Entries taken from a collection:
• • • • •

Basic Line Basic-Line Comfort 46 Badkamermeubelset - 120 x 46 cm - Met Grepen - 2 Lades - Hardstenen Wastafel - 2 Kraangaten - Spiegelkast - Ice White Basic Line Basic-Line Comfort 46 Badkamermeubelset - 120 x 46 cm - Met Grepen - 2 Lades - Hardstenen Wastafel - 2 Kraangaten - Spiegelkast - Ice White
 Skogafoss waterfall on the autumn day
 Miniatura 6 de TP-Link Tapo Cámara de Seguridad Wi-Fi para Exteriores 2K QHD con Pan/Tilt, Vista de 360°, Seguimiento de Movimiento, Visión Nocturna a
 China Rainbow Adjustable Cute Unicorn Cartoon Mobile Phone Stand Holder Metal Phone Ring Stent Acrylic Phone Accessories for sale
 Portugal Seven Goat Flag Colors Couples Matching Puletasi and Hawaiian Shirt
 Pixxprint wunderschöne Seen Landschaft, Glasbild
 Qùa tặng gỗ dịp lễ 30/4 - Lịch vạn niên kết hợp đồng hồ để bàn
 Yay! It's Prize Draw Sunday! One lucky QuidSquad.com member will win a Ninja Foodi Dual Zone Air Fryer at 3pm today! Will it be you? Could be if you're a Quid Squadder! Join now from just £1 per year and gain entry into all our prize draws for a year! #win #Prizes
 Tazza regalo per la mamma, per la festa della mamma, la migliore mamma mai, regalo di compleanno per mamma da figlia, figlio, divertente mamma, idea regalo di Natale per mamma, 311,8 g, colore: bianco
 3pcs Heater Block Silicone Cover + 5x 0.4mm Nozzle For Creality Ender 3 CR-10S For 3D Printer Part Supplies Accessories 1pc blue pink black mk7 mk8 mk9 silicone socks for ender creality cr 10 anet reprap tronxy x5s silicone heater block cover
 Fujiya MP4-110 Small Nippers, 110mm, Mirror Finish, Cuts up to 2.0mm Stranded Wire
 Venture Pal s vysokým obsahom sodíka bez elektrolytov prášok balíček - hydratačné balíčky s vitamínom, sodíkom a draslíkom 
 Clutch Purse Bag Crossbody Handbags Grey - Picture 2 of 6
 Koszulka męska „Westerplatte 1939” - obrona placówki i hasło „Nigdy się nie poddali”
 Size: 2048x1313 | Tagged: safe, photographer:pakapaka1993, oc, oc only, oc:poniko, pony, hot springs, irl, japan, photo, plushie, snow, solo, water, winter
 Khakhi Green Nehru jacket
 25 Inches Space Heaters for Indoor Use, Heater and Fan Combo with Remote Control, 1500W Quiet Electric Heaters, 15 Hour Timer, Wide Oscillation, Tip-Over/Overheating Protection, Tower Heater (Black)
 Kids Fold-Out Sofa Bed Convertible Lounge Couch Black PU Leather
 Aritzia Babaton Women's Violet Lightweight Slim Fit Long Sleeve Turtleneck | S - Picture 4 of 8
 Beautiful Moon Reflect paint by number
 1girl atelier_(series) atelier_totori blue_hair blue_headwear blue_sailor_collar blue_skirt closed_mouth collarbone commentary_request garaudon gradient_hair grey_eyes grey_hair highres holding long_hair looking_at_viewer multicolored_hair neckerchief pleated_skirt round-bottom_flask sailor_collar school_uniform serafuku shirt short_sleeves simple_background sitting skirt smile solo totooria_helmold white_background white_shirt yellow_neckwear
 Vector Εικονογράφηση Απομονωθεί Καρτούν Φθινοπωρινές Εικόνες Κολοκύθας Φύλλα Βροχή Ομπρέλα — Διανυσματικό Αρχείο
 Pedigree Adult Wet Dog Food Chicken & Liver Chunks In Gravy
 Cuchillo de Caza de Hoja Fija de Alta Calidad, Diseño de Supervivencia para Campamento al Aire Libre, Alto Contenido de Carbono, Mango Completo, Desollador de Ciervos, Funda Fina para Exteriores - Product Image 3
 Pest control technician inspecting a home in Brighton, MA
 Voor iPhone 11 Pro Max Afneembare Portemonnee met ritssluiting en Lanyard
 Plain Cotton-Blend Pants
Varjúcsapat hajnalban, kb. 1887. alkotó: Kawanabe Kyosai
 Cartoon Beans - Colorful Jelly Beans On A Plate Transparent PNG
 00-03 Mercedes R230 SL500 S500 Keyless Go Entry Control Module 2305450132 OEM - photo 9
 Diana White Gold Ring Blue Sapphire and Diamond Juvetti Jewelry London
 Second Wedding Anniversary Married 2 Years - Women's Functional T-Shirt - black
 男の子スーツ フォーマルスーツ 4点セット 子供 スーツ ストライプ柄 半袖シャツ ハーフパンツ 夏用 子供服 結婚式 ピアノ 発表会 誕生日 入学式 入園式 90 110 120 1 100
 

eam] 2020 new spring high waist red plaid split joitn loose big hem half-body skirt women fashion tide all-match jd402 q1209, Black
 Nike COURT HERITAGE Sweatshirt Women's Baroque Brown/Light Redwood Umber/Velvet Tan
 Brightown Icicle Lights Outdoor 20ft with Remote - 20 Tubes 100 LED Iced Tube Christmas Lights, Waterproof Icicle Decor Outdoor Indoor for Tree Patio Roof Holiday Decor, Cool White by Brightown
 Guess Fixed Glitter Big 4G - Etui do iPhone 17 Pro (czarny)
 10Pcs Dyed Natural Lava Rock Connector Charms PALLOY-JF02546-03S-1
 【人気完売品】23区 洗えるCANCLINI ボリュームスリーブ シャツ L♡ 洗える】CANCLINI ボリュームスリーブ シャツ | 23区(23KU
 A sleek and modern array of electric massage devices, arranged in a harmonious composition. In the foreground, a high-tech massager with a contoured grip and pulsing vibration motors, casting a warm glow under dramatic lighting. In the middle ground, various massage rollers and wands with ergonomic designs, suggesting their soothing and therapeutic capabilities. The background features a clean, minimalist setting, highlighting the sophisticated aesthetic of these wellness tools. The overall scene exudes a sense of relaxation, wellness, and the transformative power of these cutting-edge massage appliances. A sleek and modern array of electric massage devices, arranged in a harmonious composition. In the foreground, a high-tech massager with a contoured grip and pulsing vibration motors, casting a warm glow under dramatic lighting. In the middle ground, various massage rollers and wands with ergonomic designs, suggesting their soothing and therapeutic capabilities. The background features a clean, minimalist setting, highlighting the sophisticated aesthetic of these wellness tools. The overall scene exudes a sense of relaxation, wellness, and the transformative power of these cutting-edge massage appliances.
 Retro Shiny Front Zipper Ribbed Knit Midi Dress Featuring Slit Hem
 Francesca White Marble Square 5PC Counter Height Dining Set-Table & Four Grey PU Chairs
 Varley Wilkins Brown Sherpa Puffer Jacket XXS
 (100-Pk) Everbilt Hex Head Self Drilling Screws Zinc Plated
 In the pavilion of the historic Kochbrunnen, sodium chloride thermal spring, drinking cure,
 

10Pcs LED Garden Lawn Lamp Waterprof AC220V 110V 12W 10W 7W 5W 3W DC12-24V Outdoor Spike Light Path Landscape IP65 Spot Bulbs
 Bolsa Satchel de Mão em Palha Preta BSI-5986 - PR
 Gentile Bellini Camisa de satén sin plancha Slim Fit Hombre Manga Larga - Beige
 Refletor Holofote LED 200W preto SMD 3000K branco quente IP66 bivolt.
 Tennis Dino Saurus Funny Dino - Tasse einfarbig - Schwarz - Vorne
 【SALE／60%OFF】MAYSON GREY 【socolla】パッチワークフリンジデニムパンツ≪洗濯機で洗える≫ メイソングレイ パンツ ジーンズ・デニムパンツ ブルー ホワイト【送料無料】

• • • • •

● **Exercise**: Print again the lines of the entries above that fall between the line holding "Clutch Purse Bag" and the line holding "25 Inches Space", inclusive, exactly as they stand.

● **Solution for this problem**:
 Clutch Purse Bag Crossbody Handbags Grey - Picture 2 of 6
 Koszulka męska „Westerplatte 1939” - obrona placówki i hasło „Nigdy się nie poddali”
 Size: 2048x1313 | Tagged: safe, photographer:pakapaka1993, oc, oc only, oc:poniko, pony, hot springs, irl, japan, photo, plushie, snow, solo, water, winter
 Khakhi Green Nehru jacket
 25 Inches Space Heaters for Indoor Use, Heater and Fan Combo with Remote Control, 1500W Quiet Electric Heaters, 15 Hour Timer, Wide Oscillation, Tip-Over/Overheating Protection, Tower Heater (Black)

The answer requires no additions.